• [Task to carry out] Beginning with the line of the entries below that holds "KSM-66 Ashwagandha Gummies" and ending with the line that holds "Anna-Kaci Women's Elastic", transcribe each line exactly as written. Pictures stay out.

• [Record excerpts]
***

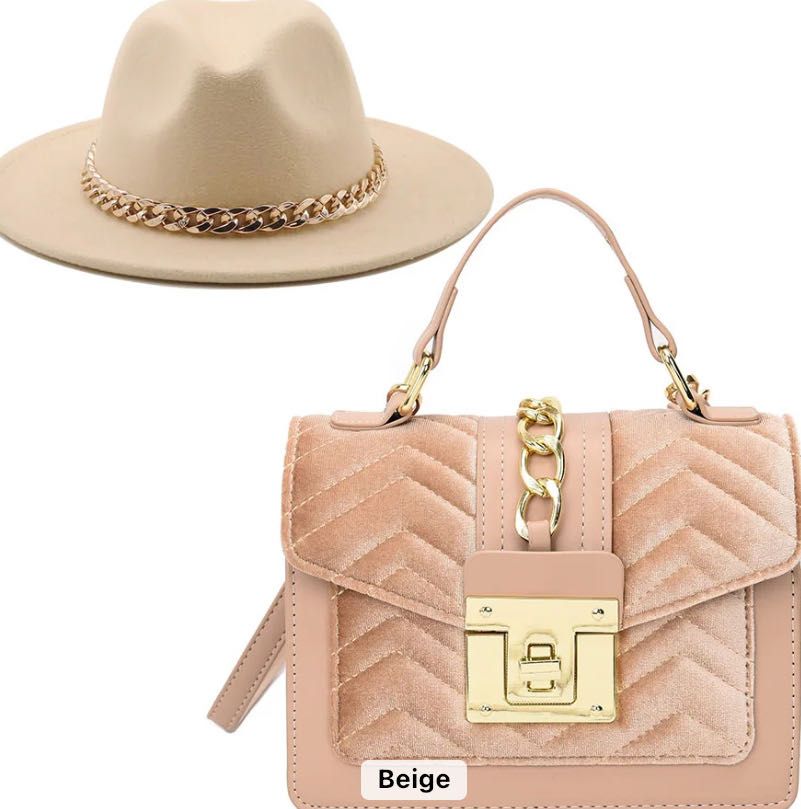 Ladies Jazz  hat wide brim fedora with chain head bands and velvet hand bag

***

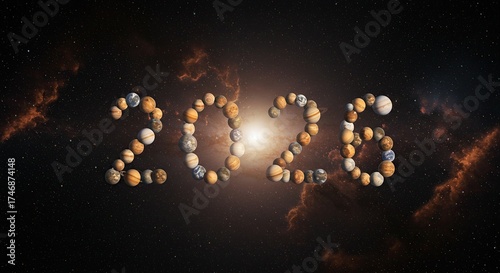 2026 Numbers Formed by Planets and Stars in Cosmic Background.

***

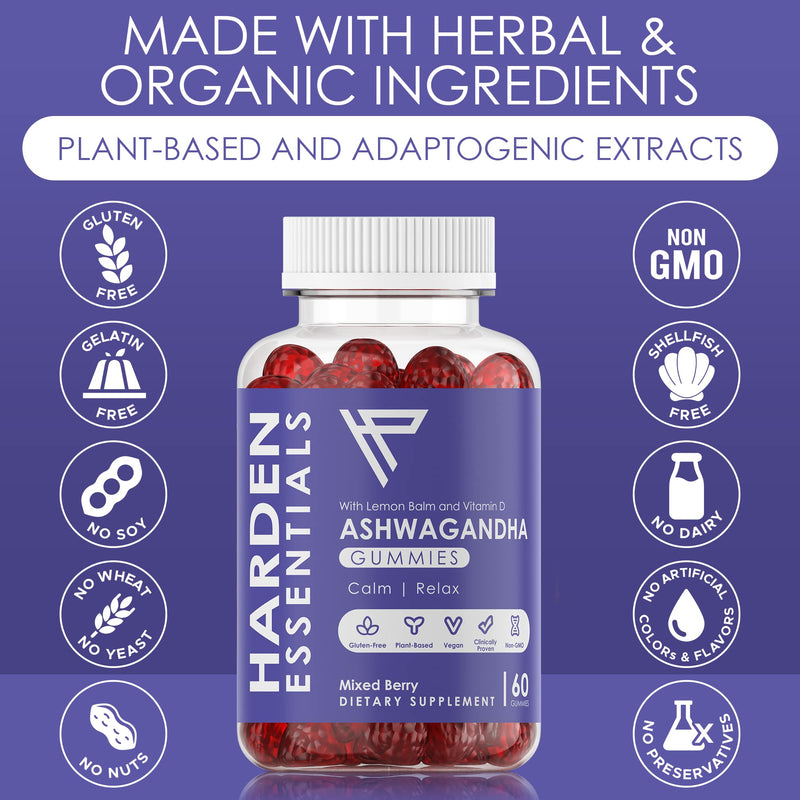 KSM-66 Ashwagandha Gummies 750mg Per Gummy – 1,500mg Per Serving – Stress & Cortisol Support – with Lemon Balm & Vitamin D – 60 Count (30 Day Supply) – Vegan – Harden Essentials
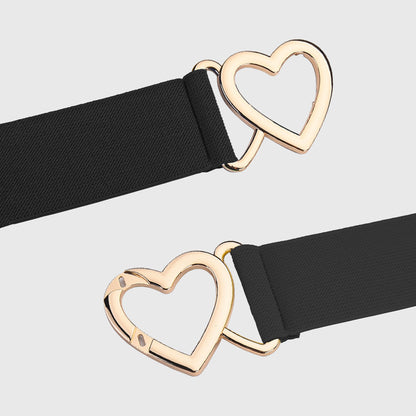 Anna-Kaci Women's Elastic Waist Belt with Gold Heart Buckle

***

• [Answer to the exercise]
 KSM-66 Ashwagandha Gummies 750mg Per Gummy – 1,500mg Per Serving – Stress & Cortisol Support – with Lemon Balm & Vitamin D – 60 Count (30 Day Supply) – Vegan – Harden Essentials
 Anna-Kaci Women's Elastic Waist Belt with Gold Heart Buckle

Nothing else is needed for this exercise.